There are some additional keywords that can be used to allow for additional functionality. The super keyword allows the class to use methods and constructors from the superclass. For example, to access the Ball constructor in the BouncyBall constructor, the code would look like this:
public BouncyBall(String c, int s, double b){
super(c, s);
bounciness = b;
}
We will talk about the use of super to overload methods in Polymorphism. Superclasses and Subclasses are also interconnected in a multitude of ways. A superclass variable, for example, can store objects of a subclass. In terms of our example, we could store a BouncyBall object in a Ball variable.
Ball bouncy = new BouncyBall(“red”, 10, 0.1);
We will discuss the implications and uses of this in the next section, Polymorphism.
Polymorphism
Polymorphism comes from the greek prefix poly-, meaning many, and morphe, meaning form. This literally translates to many forms, which will make more sense as we go along. We begin with our example of BouncyBall and Ball. Say I want a regular ball to roll differently from a bouncy ball. However, I don’t want to go through the inconvenience of creating a completely separate method for it. Therefore, we decide to override the method roll in BouncyBall.
public void roll (){
//code different but not shown
}
Now from the previous section on Methods we have learned about method overloading and how the compiler processes and determines which method to use. We recall that a method’s signature is how the compiler can tell the difference between each overload. Yet in this case, the method signatures are identical! So how will the compiler deduce which method to use? In short, it doesn’t need to. The method is tied to a specific class, and since they are still instance methods, require an object to run. The method is simply determined by the type of object that the method runs from.
Ball bouncy = new BouncyBall(“red”, 10, 0.1);
Even the bouncy object, which appears to be of type Ball, will still use the BouncyBall override for roll because the object is still inherently of type BouncyBall.
Continuing with the bouncy object, we see that the variable is of type Ball. This means that any methods that can only be run from a BouncyBall object, like bounce(), will return an error.
bouncy.bounce(); //returns an error
Yet the object inherently stored in the variable is of type BouncyBall, and should be able to use the bounce() method. So what do we do? We introduce downcasting. Using casting we are able to turn the bouncy object back into a BouncyBall.
BouncyBall casted = (BouncyBall)bouncy;
This allows us to use the bounce method on casted.
casted.bounce(); //no error
However, you must be careful that the underlying object stored within the superclass variable is the same type that you are casting to. For example, if we had another subclass from Ball, called BowlingBall, we would not be able to cast bouncy to a BowlingBall object.

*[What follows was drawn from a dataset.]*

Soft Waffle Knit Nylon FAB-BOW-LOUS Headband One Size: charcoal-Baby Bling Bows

BowlingBall casted = (BowlingBall)bouncy; //returns a ClassCastException
Abstraction
Another major paradigm of OOP is Abstraction. It hides the code implementation of certain methods from the user. This is accomplished in Java via the use of abstract classes and interfaces.
Abstract Classes
Abstract classes are classes that are unable to be instantiated into objects, but can be inherited using the extend keyword. They may or may not contain abstract methods, which will be discussed below. These serve as a basic framework for shared code between classes that will likely be related and used in similar circumstances.
Abstract Method
An abstract method does not have any implementation or code. Instead, the subclasses that inherit the abstract class containing this method are expected to implement the method there. In fact, an error will occur when a class inherits an abstract class but does not implement all methods fully.
For example, let’s make the Ball class abstract, as we will only need BowlingBalls and BouncyBalls from now on (Assume BowlingBalls and BouncyBalls). BouncyBall and BowlingBall will likely share a lot of code; for example, they will still both roll. Therefore, we will likely keep roll as a shared method between the two classes. However, let’s add a method, play(), which will likely not have a shared implementation between BowlingBall and BouncyBall. Yet it is still a key feature and trait of every Ball. Therefore, let’s add the method play() and make it abstract.

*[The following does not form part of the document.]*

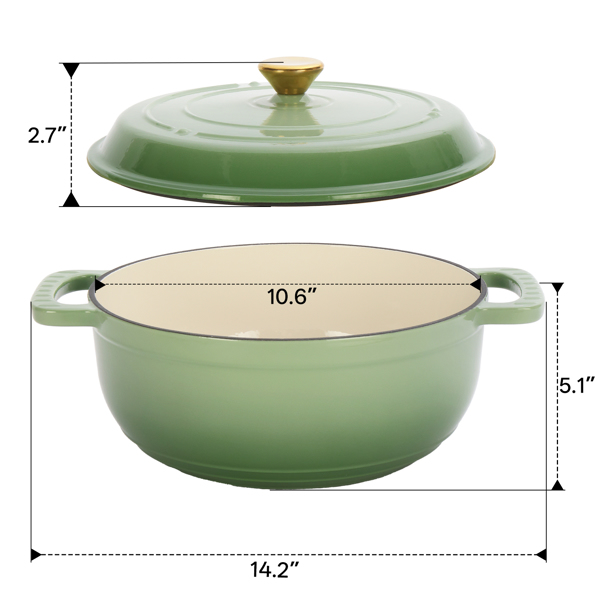 铸铁 6QT 烹饪锅具 渐变绿 含两个硅胶手套 珐琅锅-12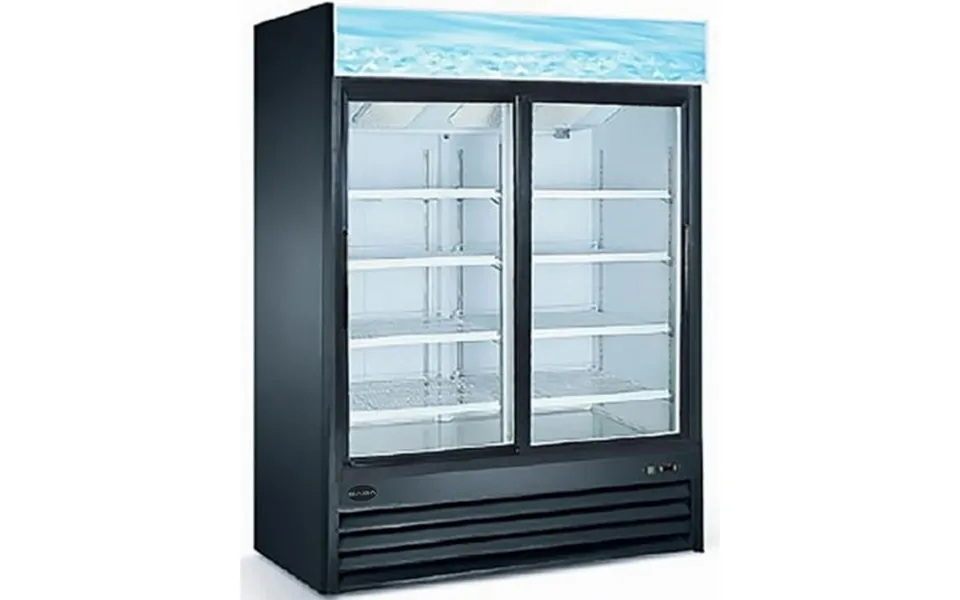 Heavy Duty Commercial 45 Cu Ft Glass 2 Door Merchandiser Refrigerator With Slinding Door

public abstract class Ball{
private String color;
private int size;
public Ball(){
color = "red"; //default color is red
size = 1 //default size is 1
}
public Ball(String c, int s){
color = c;
size = s;
}
public String getColor(){
return color;
}
public int getSize(){
return size;
}
public void setColor(String c){
color = c;
}
public void setSize(int s){
size = s;
}
public void roll(){
//code not shown
}
public abstract void play();
}
Interfaces
Interfaces are similar to abstract classes in that they are also used to simplify common functionality between classes. In this case, classes may not even need to be related in any other way. While an abstract class called Shape may have subclasses which are heavily related to each other (Triangle, Rectangle, Circle), an interface such as Comparable may be implemented by a large variety of classes, like ArrayLists, Strings, or the Integer wrapper class. In this way, interfaces will be different from abstract classes. They also use the keyword implements instead of extends, and can not have instance variables or methods that are not abstract or default. In other words, it is a purely abstract class, containing no additional shared methods or implementations.

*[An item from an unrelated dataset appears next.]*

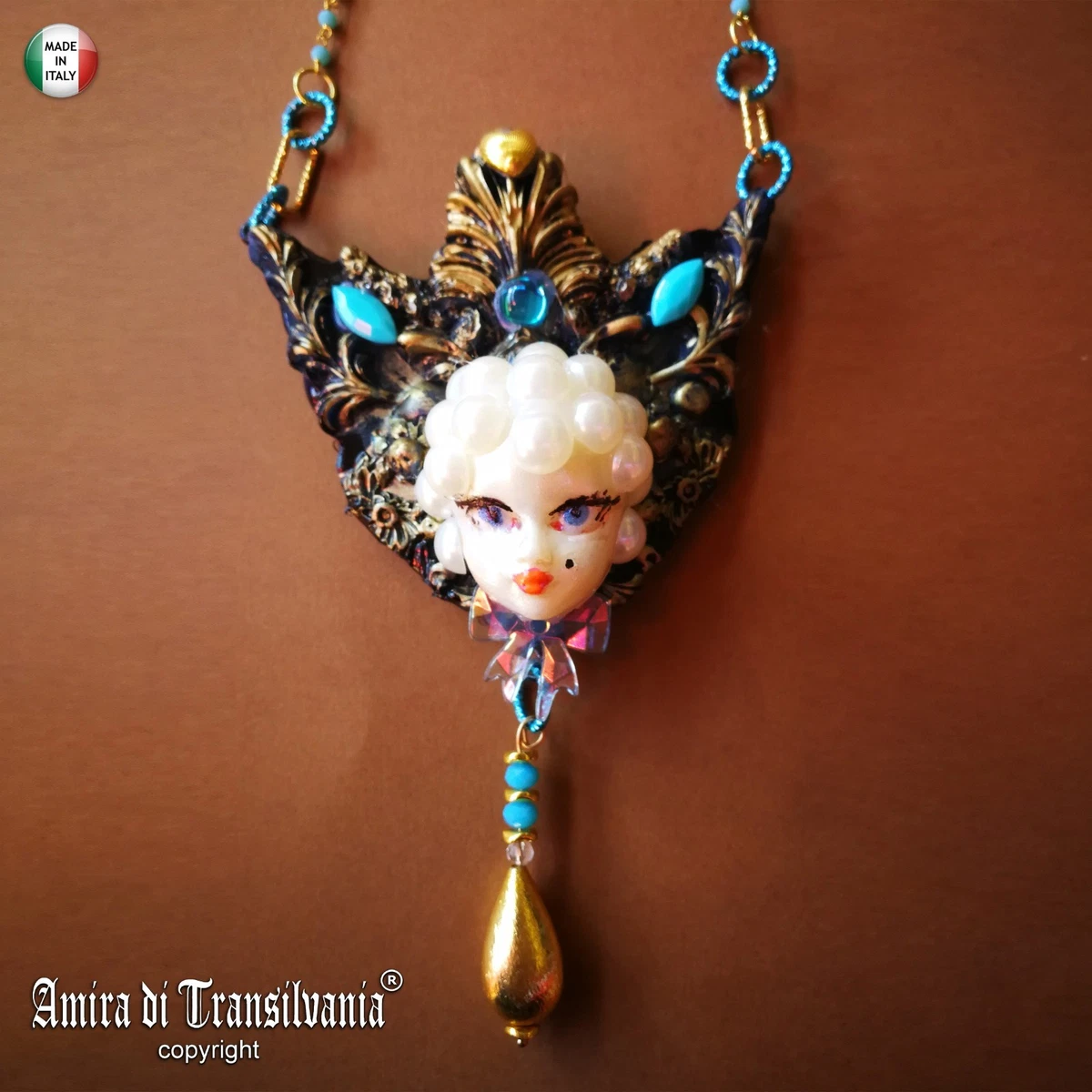 Collana a catena in oro con perline di vetro per bambole popolari da 18 pollici - Italia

For example, instead of using shared roll() code in the abstract class Ball, let’s make an interface known as Rollable. This may be implemented by a variety of classes, such as Pencil, RollingPin, and Barrel, which may have nothing to do with Balls. By creating this interface Rollable, we simply let Ball implement Rollable. This way, Ball can still have a common implementation for roll() for both BowlingBall and BouncyBall.
interface Rollable
{
void roll();
}